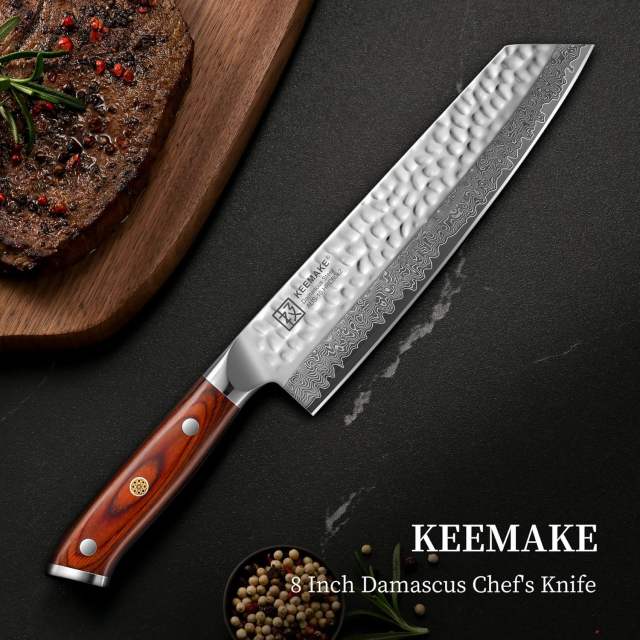 KEEMAKE Kiritsuke Chef Knife, 8 Inch Damascus Japanese Kitchen Knife with Ergonomic Pakkawood Handle, Ultra Sharp Non-Slip Cooking Knife with Ash Sheath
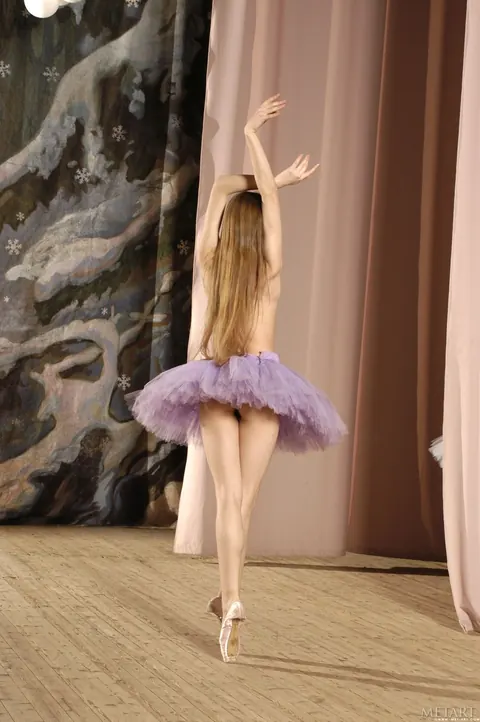 Slim Brunette Ballerina Undresses and Shows Her Small Tits – photo 11 of 21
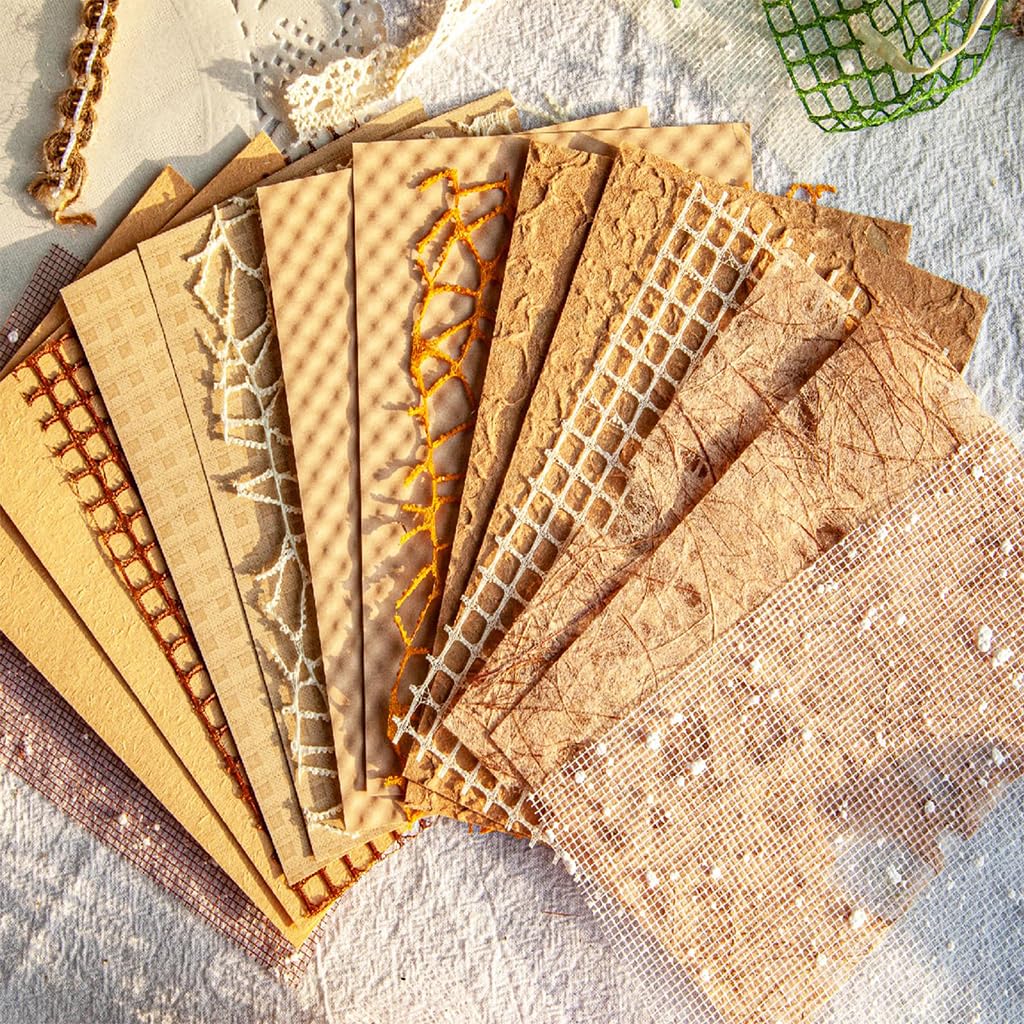 HASTHIP Scrapbook Paper for Journaling and Card Making with 16 Textured 10x14cm Sheets Brown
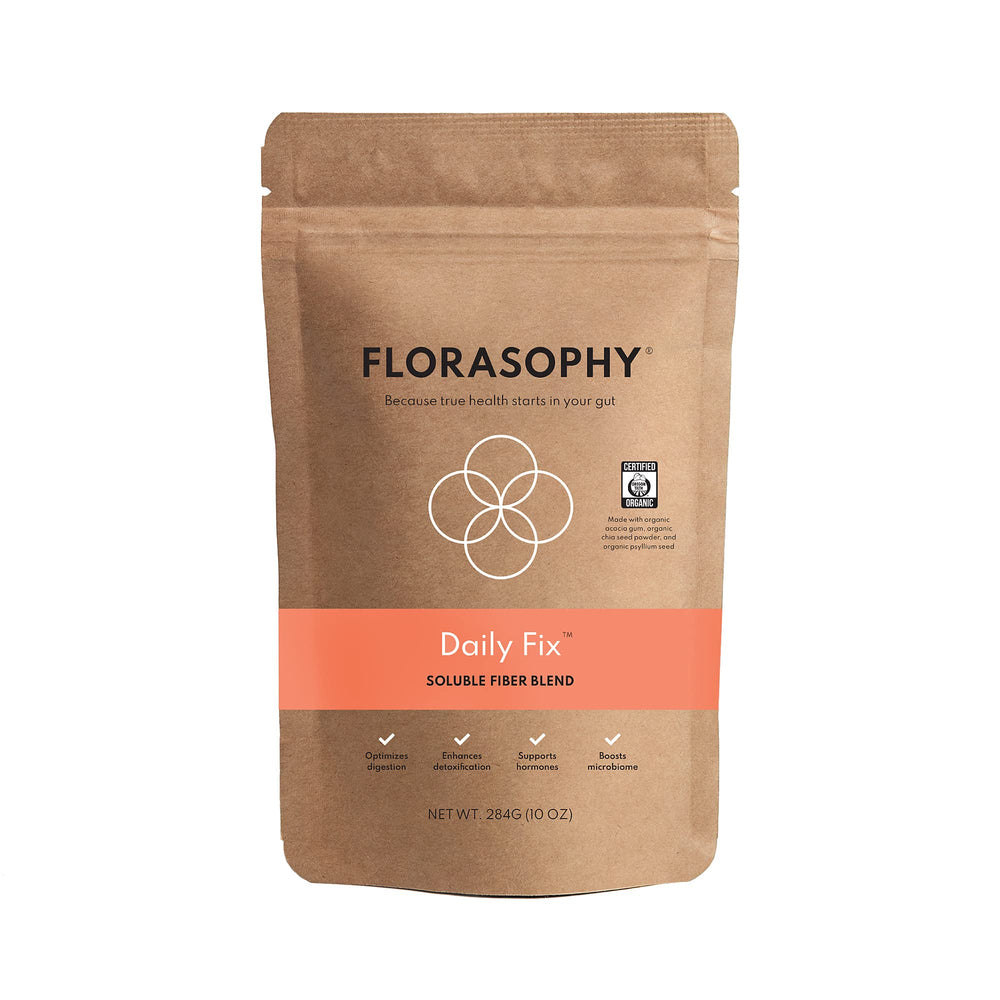 Florasophy Daily Fix bottle on a kitchen counter supports digestive health.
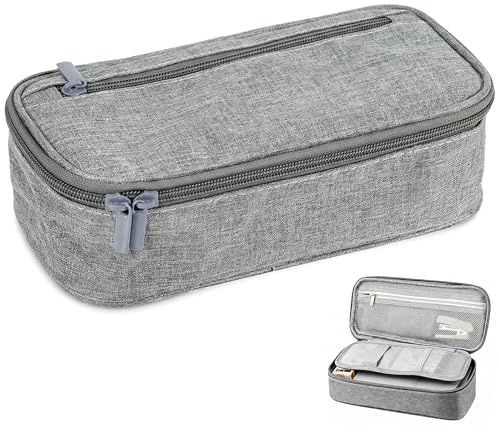 EUIOOVM Canvas Pencil Case,with Compartments,Smooth Zipper,Large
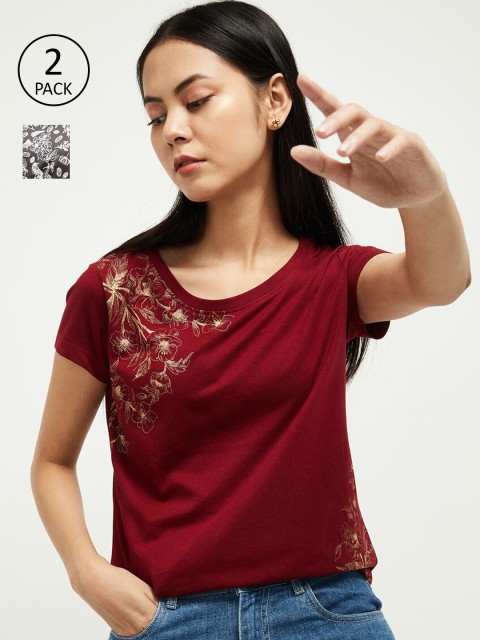 

max Women Pack of 2 Printed Round Neck T-shirts, Maroon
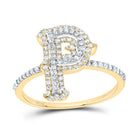 10K Yellow Gold Diamond Fashion Initial "P" Women's Ring 3/8 Cttw - Splendid Jewellery
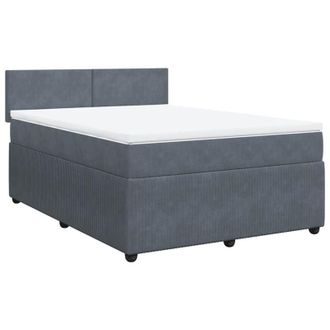 vidaXL Cama Box Spring Con Colch&oacute;n Terciopelo Gris Oscuro 140x200 Cm Vidaxl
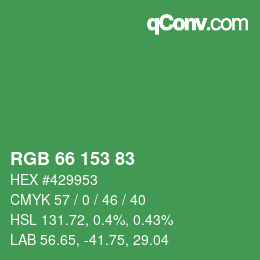 Color code: RGB 66 153 83 | qconv.com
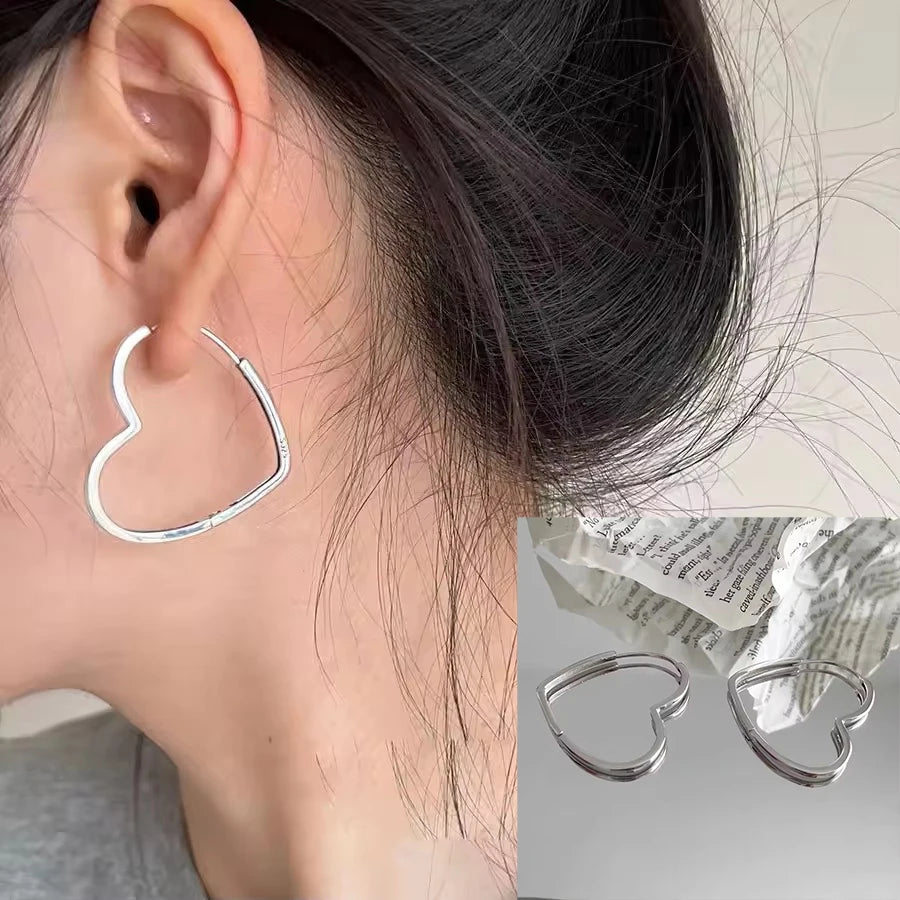 925 Sterling Silver CZ Star Moon Asymmetric Hoop Earrings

-------------------------

Task to complete
Please copy the entries in full. Leave each image out.

Exercise output
 KEEMAKE Kiritsuke Chef Knife, 8 Inch Damascus Japanese Kitchen Knife with Ergonomic Pakkawood Handle, Ultra Sharp Non-Slip Cooking Knife with Ash Sheath
 Slim Brunette Ballerina Undresses and Shows Her Small Tits – photo 11 of 21
 HASTHIP Scrapbook Paper for Journaling and Card Making with 16 Textured 10x14cm Sheets Brown
 Florasophy Daily Fix bottle on a kitchen counter supports digestive health.
 EUIOOVM Canvas Pencil Case,with Compartments,Smooth Zipper,Large

max Women Pack of 2 Printed Round Neck T-shirts, Maroon
 10K Yellow Gold Diamond Fashion Initial "P" Women's Ring 3/8 Cttw - Splendid Jewellery
 vidaXL Cama Box Spring Con Colch&oacute;n Terciopelo Gris Oscuro 140x200 Cm Vidaxl
 Color code: RGB 66 153 83 | qconv.com
 925 Sterling Silver CZ Star Moon Asymmetric Hoop Earrings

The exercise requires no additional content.